Without the pictures, can you quote each line below exactly?

The data
▼

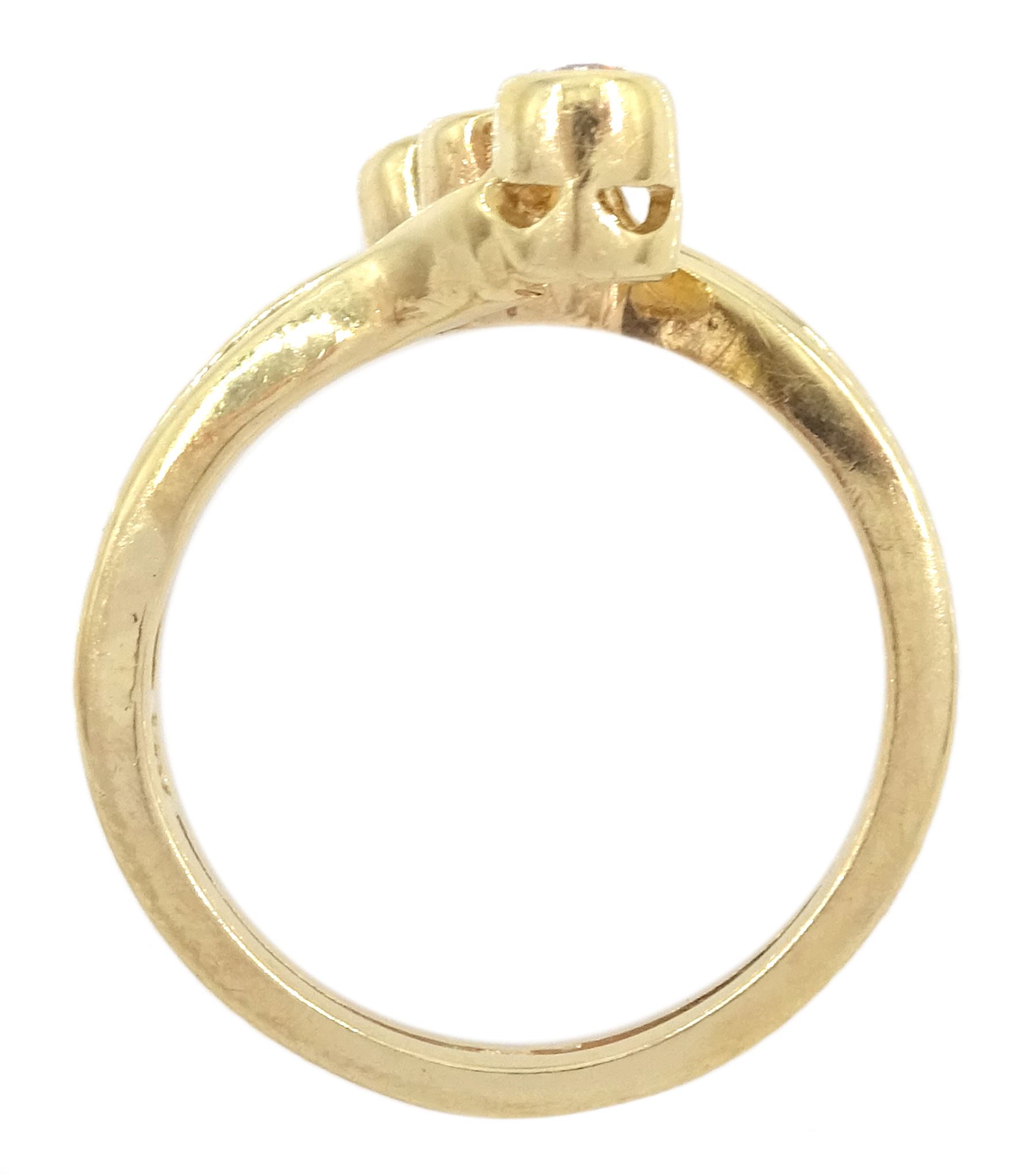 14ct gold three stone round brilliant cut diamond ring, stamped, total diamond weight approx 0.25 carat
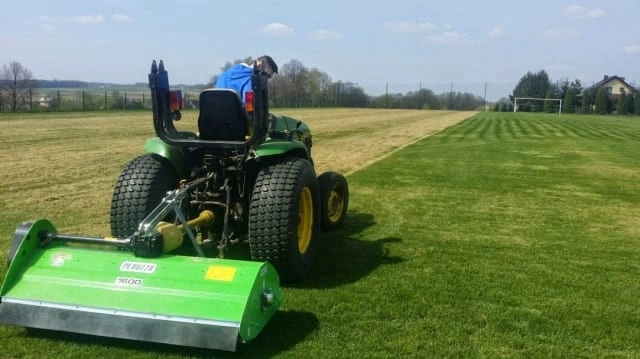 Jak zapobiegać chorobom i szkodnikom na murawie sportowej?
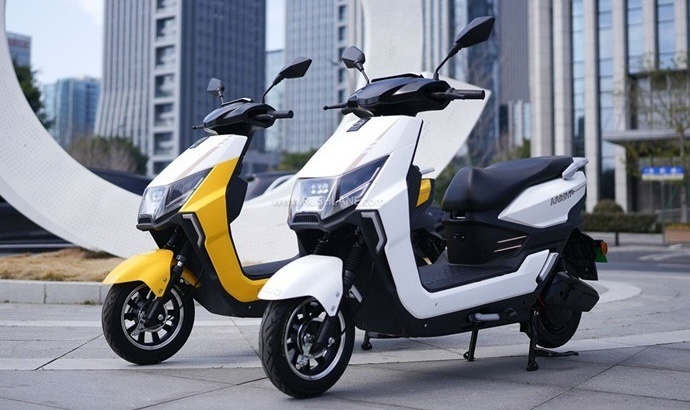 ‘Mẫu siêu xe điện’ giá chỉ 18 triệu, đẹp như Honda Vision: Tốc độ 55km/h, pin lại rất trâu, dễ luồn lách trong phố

▲

Output below
 14ct gold three stone round brilliant cut diamond ring, stamped, total diamond weight approx 0.25 carat
 Jak zapobiegać chorobom i szkodnikom na murawie sportowej?
 ‘Mẫu siêu xe điện’ giá chỉ 18 triệu, đẹp như Honda Vision: Tốc độ 55km/h, pin lại rất trâu, dễ luồn lách trong phố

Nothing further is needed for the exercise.